1

I am using BeautifulSoup to get data from a webpage. The webpage provides a date, which I see when I open the page in Firefox. However, when I view page source there is no date, just some javascript that generates the date. I see there are some related questions on here, I see references to ajax and json, I am just an amaeteur programmer though and remain confused here. Here is some of the HTML code which has the javascript code in it with the date I need.

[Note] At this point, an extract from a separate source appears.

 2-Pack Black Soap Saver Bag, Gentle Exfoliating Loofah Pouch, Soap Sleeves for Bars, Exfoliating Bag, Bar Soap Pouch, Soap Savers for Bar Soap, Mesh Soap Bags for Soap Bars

<div class="match-details">
  <p class="floatleft">
    BARCLAYS PREMIER LEAGUE 

    <span>
      <script type="text/javascript">
        (function(){
        var d = new Date(1345489200000);

        var year = d.getFullYear();
        var month = d.getMonth() + 1;
        var day = d.getDate();
        var minutes = d.getMinutes();
        var hours = d.getHours();                                        

        if (minutes < 10) { minutes = '0' + minutes; }
        var dmy = [day, month, year];
        var hm = [hours, minutes];
        if (SITE_EDITION == 'us/en') {
            var dmy = [month, day, year];    
        }
        var matches_local = dmy.join('/') + " " + hm.join(':'); 
        matches_local += "<span class='live-red'>*</span>";

        document.write(matches_local);
        })();                                                       
      </script>
    </span>

  </p>
</div>
entropy
  • 3,134
  • 20
  • 20
appleLover
  • 14,835
  • 9
  • 33
  • 50
  • So what is your question? – Burhan Khalid Mar 01 '13 at 20:25
  • Could you outdent the code a bit? There's no need for pushing it off the page... – Tim Pietzcker Mar 01 '13 at 20:28
  • @BurhanKhalid that code will output a date to the page when run in a browser. He wants to know how to get that programatically if he's screen-scraping with python – entropy Mar 01 '13 at 20:30
  • @TimPietzcker I edited it to fix indentation but we'd have to wait for people to review the edit and accept it – entropy Mar 01 '13 at 20:30
  • @appleLover as far as I know, without a full-fledged javascript engine like those that run in browsers this might not be possible to do. Have a look at http://phantomjs.org/ which provides a browser you can access programatically – entropy Mar 01 '13 at 20:32
  • 1
    Are you just trying to find the string `new Date(1345489200000);` and turn that into a Python `datetime` object? Or are you trying to read the page rendered by this JavaScript and extract a date from the resulting HTML? – abarnert Mar 01 '13 at 20:58
  • abarnert, that is exactly what I want to do, turn the string new Date(1345489200000); into a Python datetime object. At first I assumed those were useless numbers as I don't see a date inside of that. Even now I still don't see how to turn that into a date. – appleLover Mar 02 '13 at 01:32
  • i opened a new thread since it seems like i needed a better understanding of javascript, rather than using some crazy new library to solve this simple problem. problem solved here. http://stackoverflow.com/questions/15179738/parsing-javascript-date – appleLover Mar 02 '13 at 22:17

1 Answers1

2

BeautifulSoup is an HTML processing library. You need a HTML + Javascript processing library.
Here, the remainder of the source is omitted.